During the Orientation phase of this process, the issues identified within the task venue are mapped onto a depictive vehicle (formally or informally) which serves as the basis for subsequent analysis and decision formulation. This is an instance of the task / depictive flipover discussed earlier. The processual waypoint at which this flipover occurs is termed the depiction bottleneck . In many cases, the depiction bottleneck is also the waypoint at which mappings between syn- and sys-referential vantages (on the identified problem issue) become reified. It must be pointed out that the task/depictive and constitutional-level flipovers are distinct, and that they are not necessarily accomplished in tandem (either in terms of temporal, procedural, or conceptual coordination). Because the referential transformation(s) implemented at the depiction bottleneck ground the remainder of the process, mistakes or insufficiencies deriving from this waypoint will adversely affect the subsequent decision and action(s).

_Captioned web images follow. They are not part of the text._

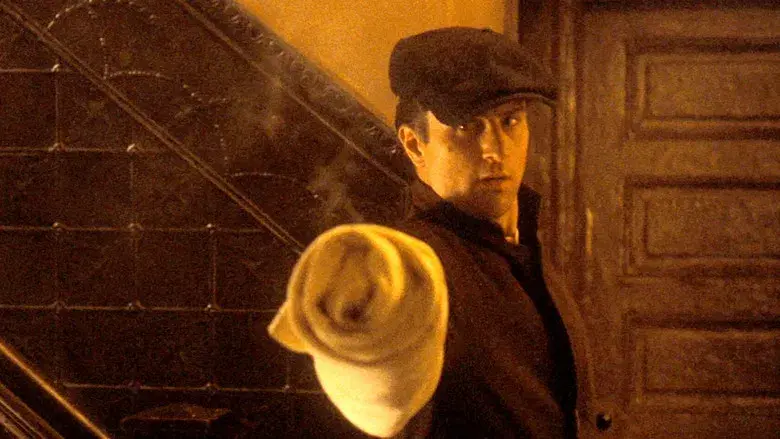 El Padrino Parte II - Fondo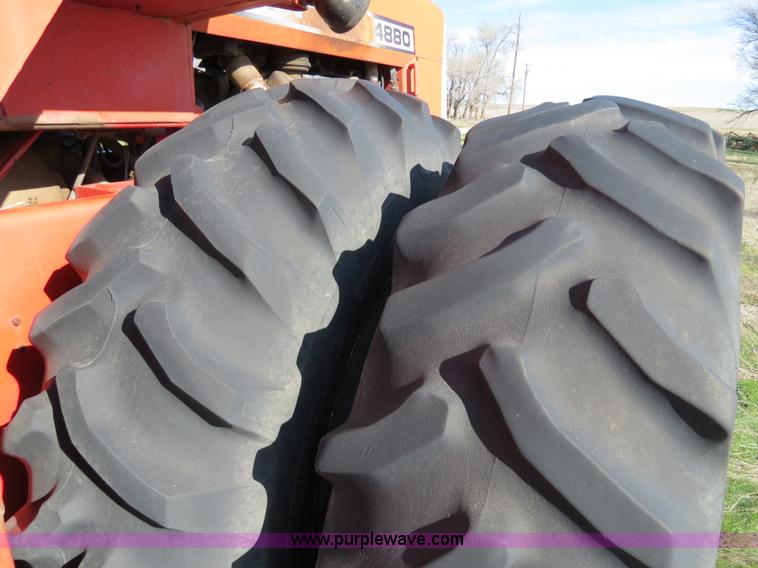 image for item B4726 1980 Massey-Ferguson 4880 4WD tractor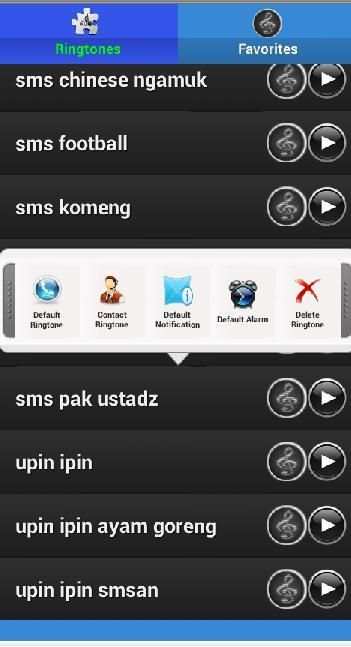 Nada lucu sms&bbm&whatsapp  screenshot 3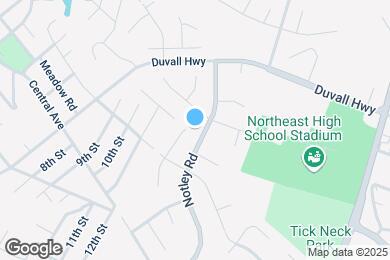 Map image of the property - 7719 Middlegate Ct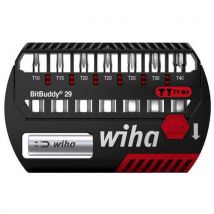 Jeu D'embouts Bitbuddy Embout Ty De 29mm Torx 9 Pcs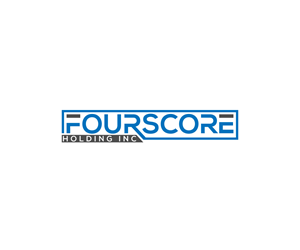 Logo Design by UmmeDesign for Fourscore Holding Inc | Design: #30326902
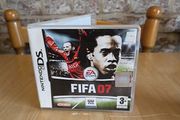 Nintendo Ds FIFA 07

During the Action phase of the process, the decision framed within the depictive venue is translated into instrumental interventions back in the task venue. This, too, is an instance of task / depictive flipover. The processual waypoint at which this flipover occurs is termed the enactment bottleneck . It is at this waypoint that (all too frequently) errors or deficiencies in an intervention become apparent. Barring those cases where such errors are directly attributable to flawed decision making under adequate depiction, the problems that arise here are typically traceable back to inadequacies in negotiating the earlier depiction bottleneck.
The process schema model sketched above has been employed to demarcate critical phases of activities ranging from individual problem solving exercises to entire enterprise (re-)design projects. As a framework for doing 'autopsies' on flawed or failed efforts, the process schema has proven useful in dissecting where things went wrong -- particularly in pinpointing the depictive or referential choices which facilitated failure. By functionally linking the two critical bottlenecks, the model has proven useful for promoting compatibility between the depictional / referential choices made at the depiction bottleneck and the task-oriented factors which govern their acceptance at the enactment bottleneck. With adequate indexing of actors and their task / depictive domains, the process schema can be recursively applied to all levels or aspects of a complex problem-solving initiative. Because it is explicitly cyclical, the process schema has also proven useful in mapping out ongoing chains of such activity in enterprise operations.
These successful applications of the overall process schema are, in my estimation, secondary to its conceptual lesson that the depiction bottleneck is typically the most critical waypoint in such processes. This lesson emphasizes the risks in utilizing IT support for enterprise management. As a result, I have concentrated on analyzing the manner in which IT support tools can constructively facilitate awareness of such risks and provide methods for minimizing them at this critical juncture. The process schema provides a structured argument for the old adage that '90% of a correct decision derives from correctly framing the problem'. The specific line of research I've undertaken with respect to this point -- facilitating presentational techniques for contextualizing problems -- is the subject of other documentation accessible at this site.